Turns out it was right. We couldn't comprehend it. And we still don't comprehend it - not in the sense in which Galileo, Leibniz, Huygens, Newton, the other great founders of modern science - wanted to understand things. For them, intelligibility and understanding meant constructing a mechanical model for it. And mechanical model meant something with gears and levers and cranks and so on - something like what was being produced all over Europe at that time by highly skilled artisans, and were amazing people with their imitations of human beings, and duck digesting, the fountains at Versailles, and so on. And the - what was called the mechanical philosophy, meaning mechanical science, that was the basis for the scientific revolution - held that the entire world must be a massive machine of this kind. And there was a problem of explaining motion within that system. That was the hard grok.
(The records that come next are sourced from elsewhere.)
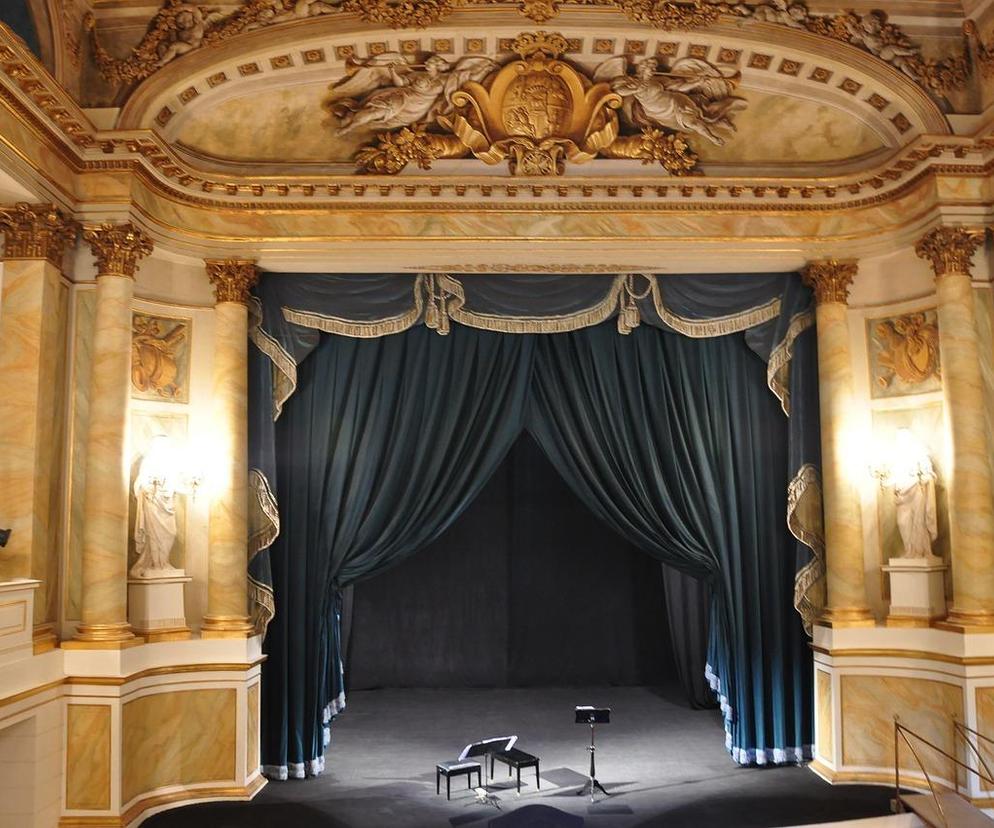 Łazienki, Teatr na wodzie, Teatr stanisławowski.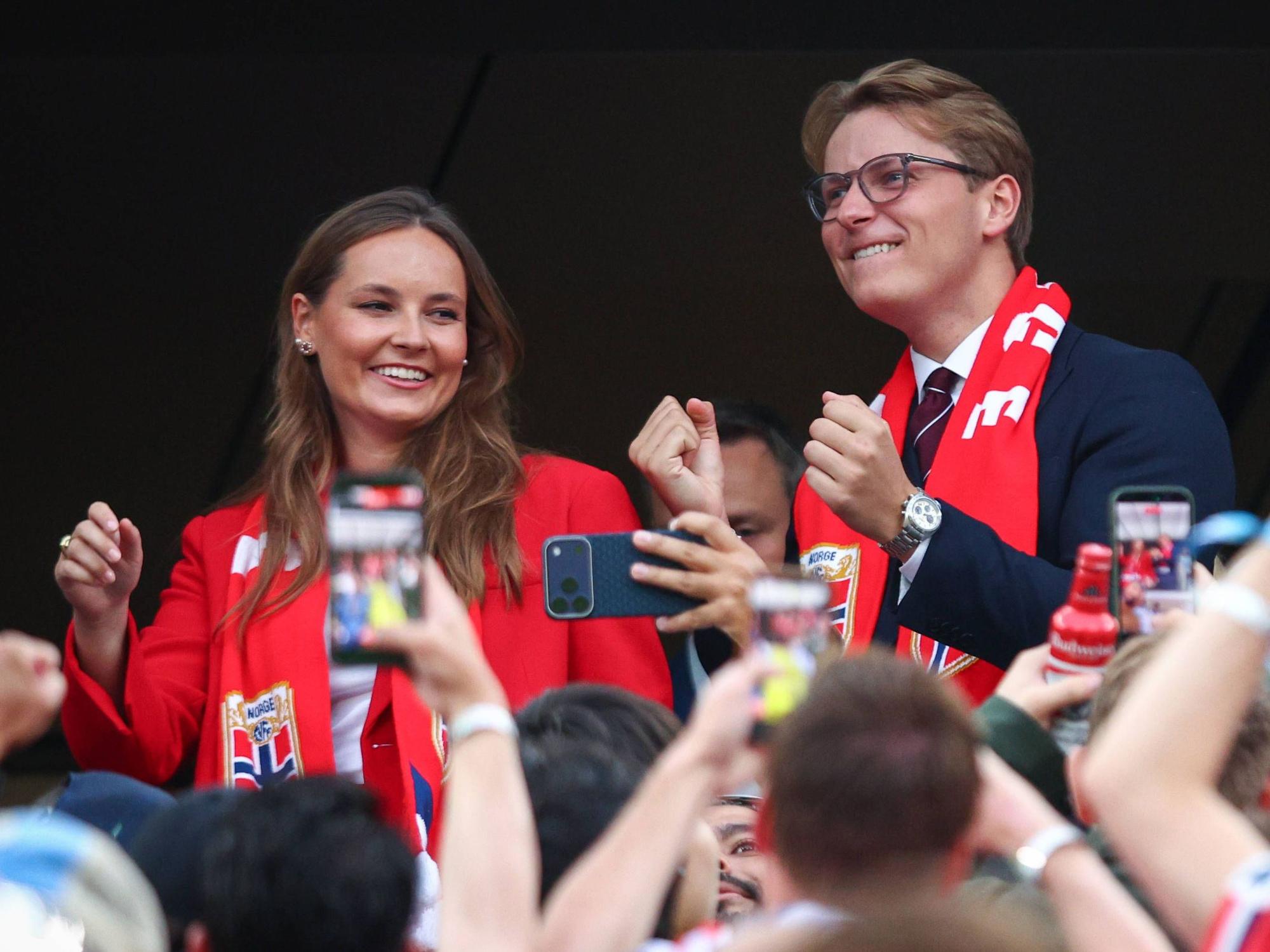 Prinzessin Ingrid Alexandra von Norwegen und ihr Bruder, Prinz Sverre Magnus, auf der Tribüne des „New York New Jersey Stadium“ in East Rutherford. Vor dem WM-Gruppenspiel gegen den Senegal zeigten sich die royalen Geschwister gut gelaunt in den USA.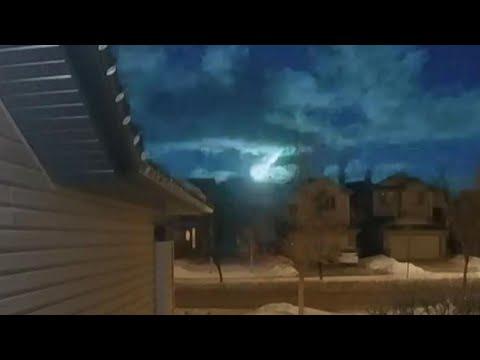 Meteor streaks across Canada. Jesus is coming soon!!  Luke 21:25!!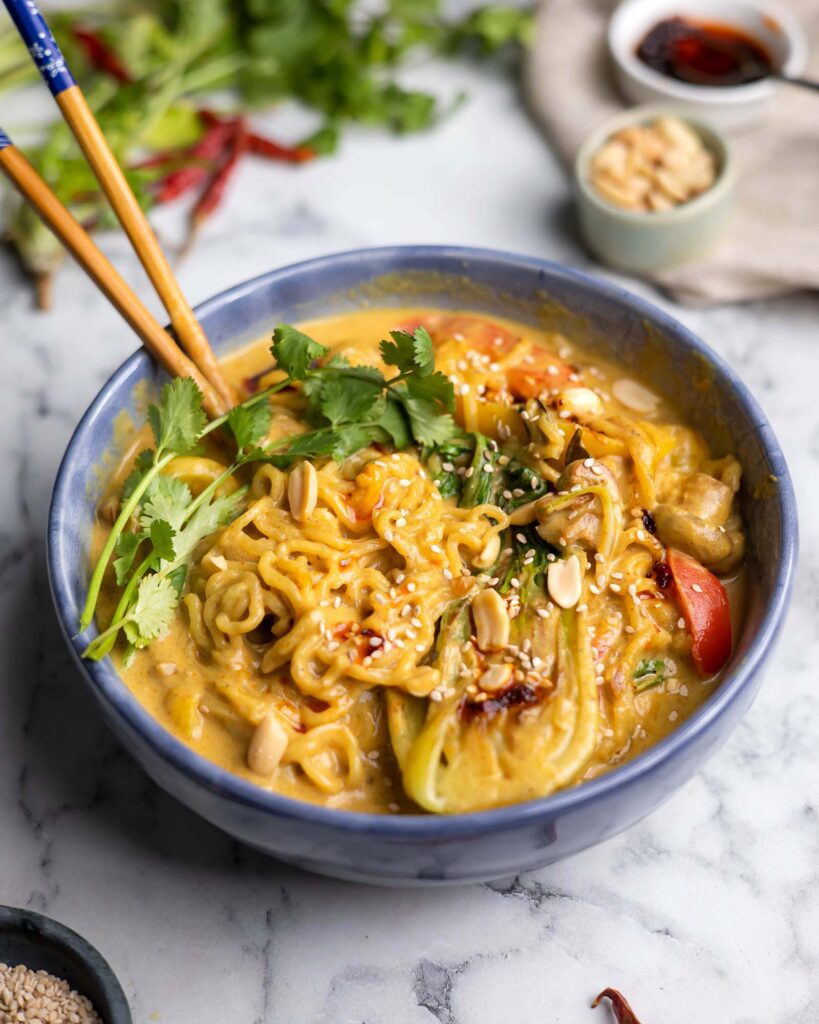 Thai peanut ramen noodles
Then Newton came along and said "It's hopeless." Newton's theory crucially involved outforces that cannot be captured within the mechanical philosophy. Newton didn't believe it. He spent the rest of his life trying to overcome it. He regarded it as an absurdity that no person of scientific intelligence can possibly accept. Leibniz and others agreed. They accused him of reintroducing the occult properties of the despised neo-scholastics. And he didn't disagree. That's why his Principia is a mathematical theory - not a physical theory. He was crucial on that - "I don't have the physical explanation. I just have something that works." So we can understand the theory, but we cannot grasp what it's talking about. What's important, just to keep it brief, is that the hard grok in philosophy was abandoned. It was recognized that we cannot comprehend - we cannot gain an intelligible universe modeled on our - that meets our standards of - intelligibility. So it was abandoned. And science just reduced its goals to finding intelligible theories. I think the same is true of consciousness."